Affected objects tool-offering, decision-record, evidence-pack.
Prechecks Confirm tool ID, consumer scope, blast radius, replacement path.
Automated steps Disable tool binding, notify consumers, run diagnostic capture.
Human approval Required to re-enable.
Evidence Disable event, reason, affected scenario, latest failed invocation.
Success Tool is unavailable to MCP clients and audit explains why.

RB-WORK-001 - Evidence Gate Unsatisfied

Field Value
Trigger Work packet attempts done transition without required evidence.
Affected objects work-packet, evidence-pack, decision-record.
Prechecks Work item type, risk class, required gates, linked PR/checks.
Automated steps Import latest checks, reviews, artifacts; compute missing gate report.
Human approval Required for waiver.
Evidence Missing and satisfied gates, freshness, waiver decision if any.
Success Work transitions to done or remains blocked with precise missing evidence.

Playbooks

PB-001 - Prove New Knowledge Source Is Searchable

  1. Run knowledge-drop.
  2. Confirm knowledge-source is searchable.
  3. Run semantic-constellation with a known query.
  4. Attach graph snapshot and search result evidence.
  5. Promote source to shared corpus only if redaction and evidence pass.

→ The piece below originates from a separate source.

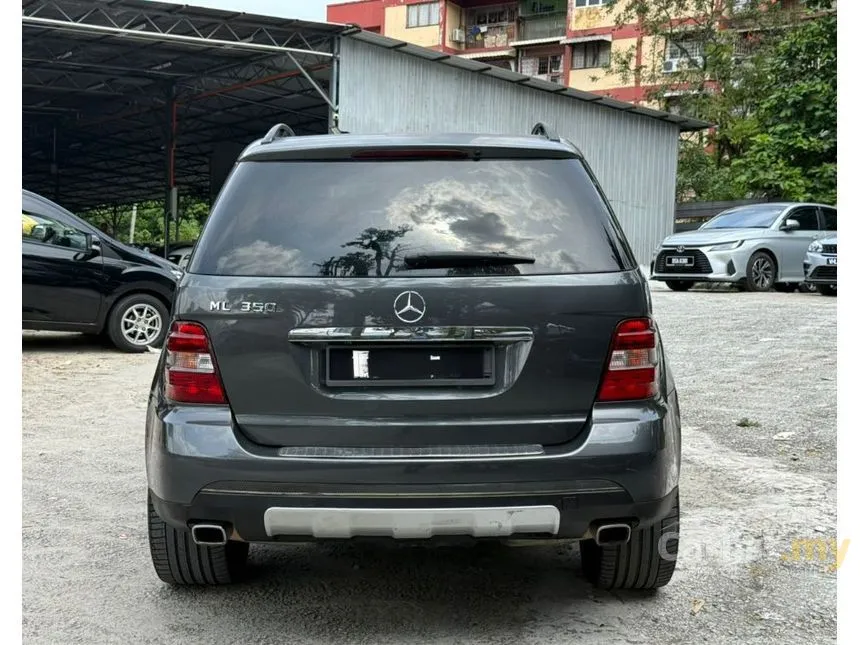2006 Mercedes-Benz ML350 Sports Package SUV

PB-002 - Route Complex Task To Specialist Pod

  1. Create or select a work-packet.
  2. Validate Definition of Ready.
  3. Run agent-route-and-prove.
  4. Confirm selected owner, sidecars, gates, and policy version.
  5. Track evidence until the work can move to review or done.

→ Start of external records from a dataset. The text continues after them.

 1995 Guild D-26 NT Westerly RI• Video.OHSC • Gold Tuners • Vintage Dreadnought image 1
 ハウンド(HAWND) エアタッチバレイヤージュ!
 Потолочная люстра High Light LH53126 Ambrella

PB-003 - Promote Read-Only Scenario To MCP

  1. Confirm scenario has passing capability exercises.
  2. Run RB-MCP-001.
  3. Review schemas, auth scope, redaction, rate limits, and audit.
  4. Enable read-only tool binding.
  5. Monitor early tool runs and keep emergency disable ready.

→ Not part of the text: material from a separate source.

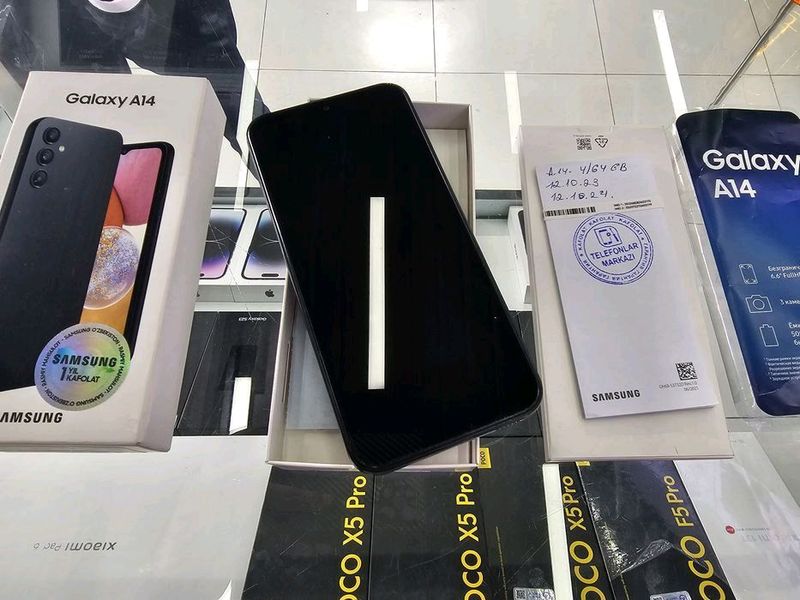 Samsung Galaxy A14 Samsung Galaxy A14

PB-004 - Recover Failed Scenario Run

  1. Classify failure by scenario and affected business object.
  2. Select matching runbook.
  3. Execute safe automated remediation.
  4. Re-run capability exercise.
  5. Attach evidence and create learning signal if repeated.

Automation Events

Event Typical handler
knowledge_source.landed Start knowledge-drop.
ingest_job.completed Assemble evidence and optionally run semantic-constellation.
scenario.run.failed Select runbook by scenario and affected capability.
capability_exercise.failed Run RB-CAP-001.
tool_offering.schema_ready Start promotion review.
mcp.tool_execution.failed Evaluate emergency disable.
work_item.transition_requested Check evidence gates.
evidence.requirement.satisfied Allow transition or promotion.

Implementation Direction

Add these contracts when the prototype grows beyond read models:

  • RunbookDefinition
  • RunbookExecution
  • PlaybookDefinition
  • IncidentSignal
  • RemediationAction
  • CompensationStep
  • ReadinessPosture
  • ToolPromotionDecision

These should be scenario-owned application use cases in middle-core, with provider actions behind ports.